Anway, are the Russian (Sputnik V) and Chinese (Sinovac) products as good as the Western corporate for-profit brands? It’s hard to tell, but after a period during which the US press and politicians poured scorn over them both, it seems the Russian product at least measures up very well. A study published in The Lancet medical journal boosted the credibility of the Sputnik product and prompted some governments of poorer countries to take the plunge, brushing aside pressure from the US, which has urged some to steer clear of the Russian and Chinese vaccines.

Russia’s Sputnik V

Meanwhile the issue of side-effects from the vaccines is receiving attention. It seems clear that rates of side-effects are very low, but may be serious in some rare cases. The risk of blood-clotting from the AstraZeneca vaccine has been highly publicised. Less discussed is the apparent risk of the heart condition myocarditis, seemingly linked to the Pfizer-BioNTech vaccine, and even less talked about is the possible link between the Pfizer-BioNTech vaccine and disruption to menstrual cycles. Both these possible side-effects have emerged in Israel, where most of the population has received two doses of the Pfizer product. Israel seems set to approve a single dose vaccination for younger people, since most of the myocarditis cases have occurred after the second injection.
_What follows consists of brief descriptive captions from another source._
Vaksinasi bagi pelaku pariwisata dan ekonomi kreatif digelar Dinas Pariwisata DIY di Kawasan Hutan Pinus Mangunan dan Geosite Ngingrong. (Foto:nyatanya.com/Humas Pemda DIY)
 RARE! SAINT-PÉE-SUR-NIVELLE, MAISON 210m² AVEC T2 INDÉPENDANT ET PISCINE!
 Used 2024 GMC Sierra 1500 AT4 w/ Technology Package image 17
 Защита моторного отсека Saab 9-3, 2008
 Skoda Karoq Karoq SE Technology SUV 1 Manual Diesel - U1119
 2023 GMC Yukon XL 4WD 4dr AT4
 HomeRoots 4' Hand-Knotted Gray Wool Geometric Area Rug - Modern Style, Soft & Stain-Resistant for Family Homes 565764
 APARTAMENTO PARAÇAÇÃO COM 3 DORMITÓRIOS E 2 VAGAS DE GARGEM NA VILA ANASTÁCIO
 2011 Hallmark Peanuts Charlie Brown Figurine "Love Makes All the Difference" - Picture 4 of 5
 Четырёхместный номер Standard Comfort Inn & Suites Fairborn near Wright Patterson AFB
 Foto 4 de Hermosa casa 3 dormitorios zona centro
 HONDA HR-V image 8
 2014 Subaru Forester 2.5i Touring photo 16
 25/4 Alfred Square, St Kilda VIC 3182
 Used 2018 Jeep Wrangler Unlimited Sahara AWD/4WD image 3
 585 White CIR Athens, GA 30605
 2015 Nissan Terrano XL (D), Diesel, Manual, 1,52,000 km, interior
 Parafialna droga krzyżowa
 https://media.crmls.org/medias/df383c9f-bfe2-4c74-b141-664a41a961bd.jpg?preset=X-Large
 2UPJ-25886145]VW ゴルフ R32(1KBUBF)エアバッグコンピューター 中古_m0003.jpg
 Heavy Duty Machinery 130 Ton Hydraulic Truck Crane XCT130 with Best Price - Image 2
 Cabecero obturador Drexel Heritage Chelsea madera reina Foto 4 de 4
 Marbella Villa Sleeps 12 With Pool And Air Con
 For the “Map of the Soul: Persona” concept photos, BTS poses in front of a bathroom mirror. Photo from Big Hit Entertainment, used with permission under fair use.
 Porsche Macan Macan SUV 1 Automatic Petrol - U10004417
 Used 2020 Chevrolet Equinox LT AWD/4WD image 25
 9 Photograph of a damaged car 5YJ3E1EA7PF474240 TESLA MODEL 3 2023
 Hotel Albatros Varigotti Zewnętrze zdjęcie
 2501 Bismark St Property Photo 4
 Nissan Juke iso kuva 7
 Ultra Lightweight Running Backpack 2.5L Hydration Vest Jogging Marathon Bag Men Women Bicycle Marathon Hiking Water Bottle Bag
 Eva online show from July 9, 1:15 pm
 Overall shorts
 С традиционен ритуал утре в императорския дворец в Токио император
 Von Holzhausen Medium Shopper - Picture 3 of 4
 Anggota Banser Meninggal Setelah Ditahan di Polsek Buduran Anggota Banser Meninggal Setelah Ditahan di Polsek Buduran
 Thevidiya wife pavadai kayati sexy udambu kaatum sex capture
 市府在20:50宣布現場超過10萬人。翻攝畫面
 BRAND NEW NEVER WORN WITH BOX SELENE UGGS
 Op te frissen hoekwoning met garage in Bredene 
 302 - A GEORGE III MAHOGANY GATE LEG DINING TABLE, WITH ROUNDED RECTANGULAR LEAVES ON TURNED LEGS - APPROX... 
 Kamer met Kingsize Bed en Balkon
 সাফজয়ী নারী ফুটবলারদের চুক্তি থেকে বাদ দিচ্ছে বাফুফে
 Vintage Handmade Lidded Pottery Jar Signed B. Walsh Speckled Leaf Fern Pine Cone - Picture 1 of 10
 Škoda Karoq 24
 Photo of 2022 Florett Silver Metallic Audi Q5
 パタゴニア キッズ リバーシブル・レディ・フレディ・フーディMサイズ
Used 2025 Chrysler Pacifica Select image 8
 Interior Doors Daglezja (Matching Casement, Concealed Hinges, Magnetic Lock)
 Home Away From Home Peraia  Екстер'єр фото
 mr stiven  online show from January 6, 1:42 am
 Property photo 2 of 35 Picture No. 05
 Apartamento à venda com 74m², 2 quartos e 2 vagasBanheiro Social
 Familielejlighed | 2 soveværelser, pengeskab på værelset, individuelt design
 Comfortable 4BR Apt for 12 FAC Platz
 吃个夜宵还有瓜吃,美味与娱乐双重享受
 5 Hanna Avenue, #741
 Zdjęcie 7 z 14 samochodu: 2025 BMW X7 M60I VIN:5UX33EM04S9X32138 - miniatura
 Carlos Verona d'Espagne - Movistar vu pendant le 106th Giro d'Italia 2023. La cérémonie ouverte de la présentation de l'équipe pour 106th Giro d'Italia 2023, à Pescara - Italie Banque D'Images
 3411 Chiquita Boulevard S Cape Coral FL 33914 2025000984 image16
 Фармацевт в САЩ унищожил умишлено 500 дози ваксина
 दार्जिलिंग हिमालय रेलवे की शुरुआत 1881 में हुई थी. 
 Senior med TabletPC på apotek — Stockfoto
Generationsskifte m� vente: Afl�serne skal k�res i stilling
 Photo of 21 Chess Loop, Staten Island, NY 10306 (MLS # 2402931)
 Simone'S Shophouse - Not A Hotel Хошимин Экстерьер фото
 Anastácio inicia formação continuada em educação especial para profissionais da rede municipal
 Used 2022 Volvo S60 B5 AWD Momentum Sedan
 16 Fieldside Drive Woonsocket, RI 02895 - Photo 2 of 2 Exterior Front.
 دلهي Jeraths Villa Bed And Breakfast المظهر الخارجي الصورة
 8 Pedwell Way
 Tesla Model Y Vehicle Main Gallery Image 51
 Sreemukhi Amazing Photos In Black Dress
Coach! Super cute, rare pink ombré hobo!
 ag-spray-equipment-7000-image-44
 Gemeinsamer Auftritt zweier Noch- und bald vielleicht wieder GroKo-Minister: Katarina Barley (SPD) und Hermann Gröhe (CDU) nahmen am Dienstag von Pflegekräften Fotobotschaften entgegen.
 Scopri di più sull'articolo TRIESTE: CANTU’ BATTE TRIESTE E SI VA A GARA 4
And behind all the “vaccine diplomacy” and red-clawed profit-seeking remains that tortured question: where did the Covid-19 virus come from, and how did it get into humans? The furious finger-pointing at China hasn’t abated since Donald Trump kicked it off during his wild-ride presidency. Indeed, it’s probably moved up a notch now that the new cold war between the West and China has been more or less openly declared. So much is unclear, but it seems well-accepted that the virus came from bats, which came from a cave somewhere in China and might have been studied in a virus research lab in Wuhan. Now it is freely acknowledged that the USA had poured money into bat research in the Wuhan lab, and many are suggesting – despite firm denials – that some of the research may have been aimed at making the virus capable of infecting humans – not necessarily for any malicious purpose. Suddenly the expression “gain of function” in the context of virus research has gained popular currency. Put simply, “gain of function” research is research designed to give wild viruses new capabilities they didn’t have before. Some of those capabilities might make them more dangerous to humans.

“Gain of function”

Hundreds of scientists have called for brakes to be applied to potentially dangerous research that might create pandemic-causing viruses. But it’s evident that few can agree exactly where that line needs to be drawn, since nobody can predict with perfect accuracy which experiments might produce that result. This detailed article sums up the issue better than I can, and is worth a close read.

Mind you, it might be the case that some scientists in the field of microbiology and virology are just scaredy cats. Perhaps they have read all those articles on the internet about mysterious deaths of leading microbiologists. I’m not going to link to any: you only have to do a quick search to find a heap, along with all the conspiracy theory speculation suggesting that being involved in research that in any way touches on biological weapons – creating them or defending against them – can make you coincidentally dead. But just to keep things interesting, here is a recent one.

I guess Mr Gates is right. Pandemics are inevitable. That’s probably true whether or not scores of scientists across the globe are fiddling with germs to make them more infectious. It doesn’t seem like a great idea to me, all the same.